After reading Jerry Glover's article, I searched for more information on the net. I don't believe this theory, but it is a good reminder of how historical knowledge is fragile and uncertain. And how interpretation plays a major role. I have never had any trouble in accepting that roman techniques were lost in Europe after the 5th century, resulting in a lack of new buildings ; I was a little surprized to see that for some, it was evidence that this time had never existed. I feel that the methods used by the proonents of this theory look like those of the debunkers.
Precedents for whole history made-up, we have. The Bible springs to mind. But the scribes and the priests who forged more than one millenia of imaginery Jewish history couldn't affect Egyptian and Mesopotamian archives.

This is where in my opinion this theory fails. Archives from both western and oriental Europe exist for this period. It supposes either that the Eastern Roman emperor chose to fake three centuries, and that the Holy Roman emperor, who was not his best friend, decided not to denounce the fraud, but to support him in this gargantuan task ; or vice-versa ; or that they both teamed up. With the complicity of the Pope, of any monarch in Europe, and of thousands of scribes forging thousands of events. With every later generation forgetting.

And it doesn't account for non-european history. China was widely disconnected from Europe at the time, so it is difficult to correlate them (although not completely impossible, as evidenced by last FT issue's letter column). India became disconnected only at the end of the Antiquity, and the dates of later dynasties seem to correlate with European history. There are also the Arab and Persian archives, who are roughly consistent with those from Europe.
It is true that early muslim history is obscure. But supposing that this time frame didn't exist doesn't make its emergence more clear, on the contrary. Not only it doesn't explain how Islam surfaced, but it fails to account how it became accepted in such a large area. Certainly not ex-nihilo. There is a dark period, of half a century or more, when the Quran seems to have been rewritten, or maybe even made-up. Three generations is what it takes for a new mythology to be accepted as the truth. I don't know Uwe Topper's and Manfred Zeller's arguments well, but this lapse of time is consistent with their phantom period. More probably a matter of rewriting history, than to invent 8 decades out of nowhere.

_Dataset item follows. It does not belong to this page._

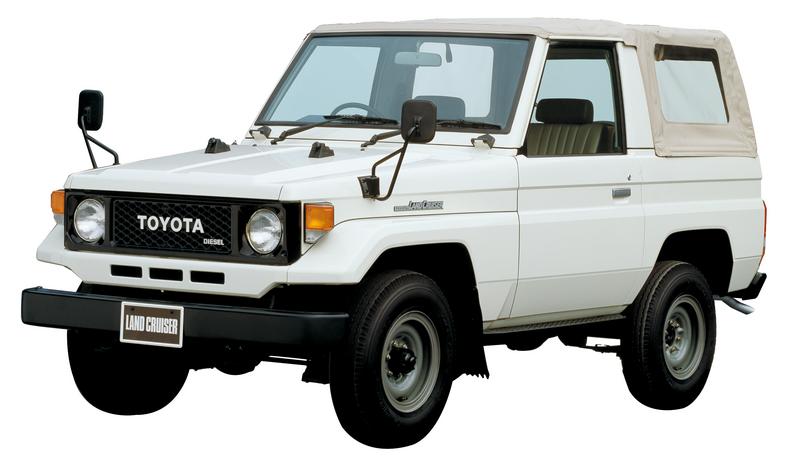 Toyota Land Cruiser J7, pierwsza wersja z 1984 r.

Astronomical events are often put forward to counter PTH. But as its proponents contest them, I think this argument should be precised. However, these German academics point genuine and serious problems.

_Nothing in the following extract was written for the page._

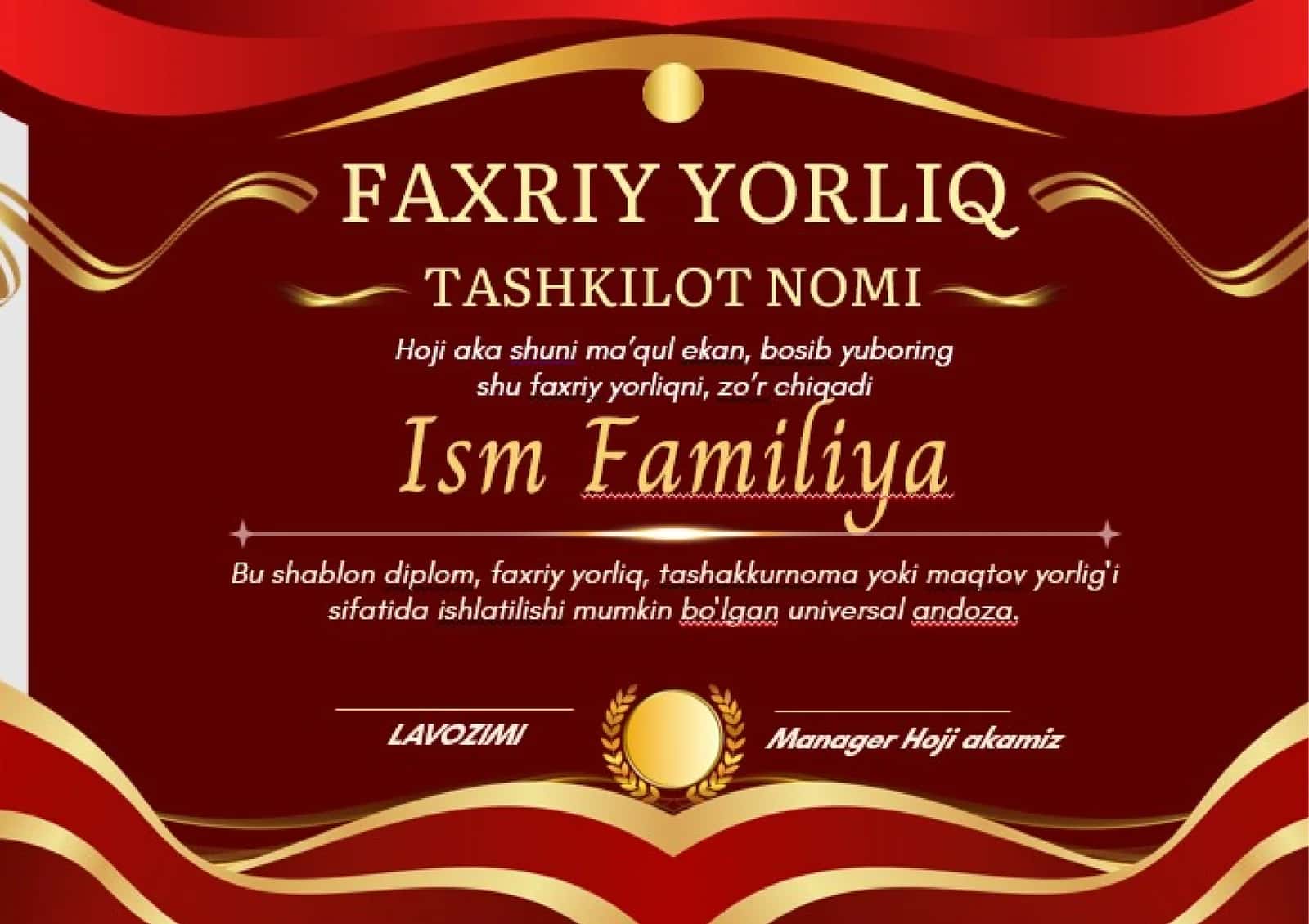 FAXRIY YORLIQ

Charlemagne, a mythical character ? Like King Arthur, for example ? Probably not, but fictionalized, this is certainly possible. I agree with Illig that probably to much is ascribed to him. The Church needed a paragon of a perfect, idealized Christian ruler. In fact, we know almost nothing of the true Charlemagne. And it may be true of any character or event from this time. Given the number of fakes and the propensity of the Church to rewrite history for its benefit (the forged Donation of Constantine is a very good example), what we really know of the Dark Ages amounts to virtually nothing. What is taught in schools and related in books, usually does not follow the rules of historical research.
There I agree with Glover's suggestion, to call for a project to establish what we can really say of the Early Middle Ages.